Citing instances to back her claim, Ursula recalled that female government officials in the current administration associated with minor wrongdoings were either sacked or forced to resign.

But the story was different in the case of the men, as they were mostly mildly stripped off their ministerial positions and made to join their likes at the seat of government, the Flagstaff House.

And this development has brought to question, the calibre of persons occupying the seat of government, which continues to suffer a slur on its image.

In April last year, for example, the President of the Central University College, Professor Kwesi Yankah, during an Institute of Economic Affairs (IEA) encounter, referred to the Government House as a safe haven for government officials, who were either involved in corrupt practices or under investigation.

He said: “The perception is not surprising, since the presidency is perceived to have become a comfortable refuge for officials suspected to have been involved in corruption and are under investigation. The transfer or promotion of bad nuts to the presidency, rather than their demotion or indictment, tends to defile the dignity of the presidency, and taints its image.”

Mrs. Ursula Owusu’s conclusion on the male-female nexus in the Mahama administration, which flows from Professor Yankah’s, was a response to the aftermath of the 59th Independence Day error-filled brochure, where the architect of the mess, Mr. Stan Dogbe, had been re-assigned to State Protocol.

Speaking on Accra-based Joy Fm’s news analysis programme, News File, the Ablekuma West Member of Parliament (MP) said the President’s susceptibility to gender influence, where male officials, even after they had misbehaved, were shielded but females sacked, showed that the ruling government either did not have femininity at heart or had personal issues with them.

She made references to former Commissioner on Human Rights and Administrative Justice (CHRAJ), Mrs Lauretta Vivian Lamptey; former Deputy Minister for Communications, Victoria Hammah; former Deputy minister at the Ministry of Gender and Social Protection, Hawa Boya Gariba and the latest victim, former Minister for Transport, Mrs. Dzifa Attivor, who left office under outlandish circumstances.

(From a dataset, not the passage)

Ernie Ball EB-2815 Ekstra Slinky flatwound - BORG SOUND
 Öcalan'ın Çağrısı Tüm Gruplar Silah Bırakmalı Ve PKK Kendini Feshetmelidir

However, their male colleagues, some of whom did “terrible things” were dumped at the Presidency after they were relieved of their existing positions.

Mrs. Ursula Ekuful mentioned the likes of former Minister of Youth and Sports, Mr Elvis Afriyie Ankrah; Mr Sylvester Mensah, former Chief Executive Officer (CEO) of the National Health Insurance Authority (NHIA); Mr. Kojo Adu Asare, former CEO of the Youth Enterprise Support (YES) and the contentious situation of Mr. Stan Dogbe, former Head of the Communications Bureau of the Flagstaff House.

She said: “There is a little injustice when you look at how men are treated after a situation and how women are treated after they get into trouble.”…These women were “promptly sacked” when they embarrassed the government, but men have done “terrible things”.

A logical postulation by the Ablekuma West legislator painted a picture that suggested that the engagements of the males should have been received with dismissals, whereas the women ought to have been pardoned, given the gravity of their offences. At best, both sects should equally have been dismissed for the offences they had committed.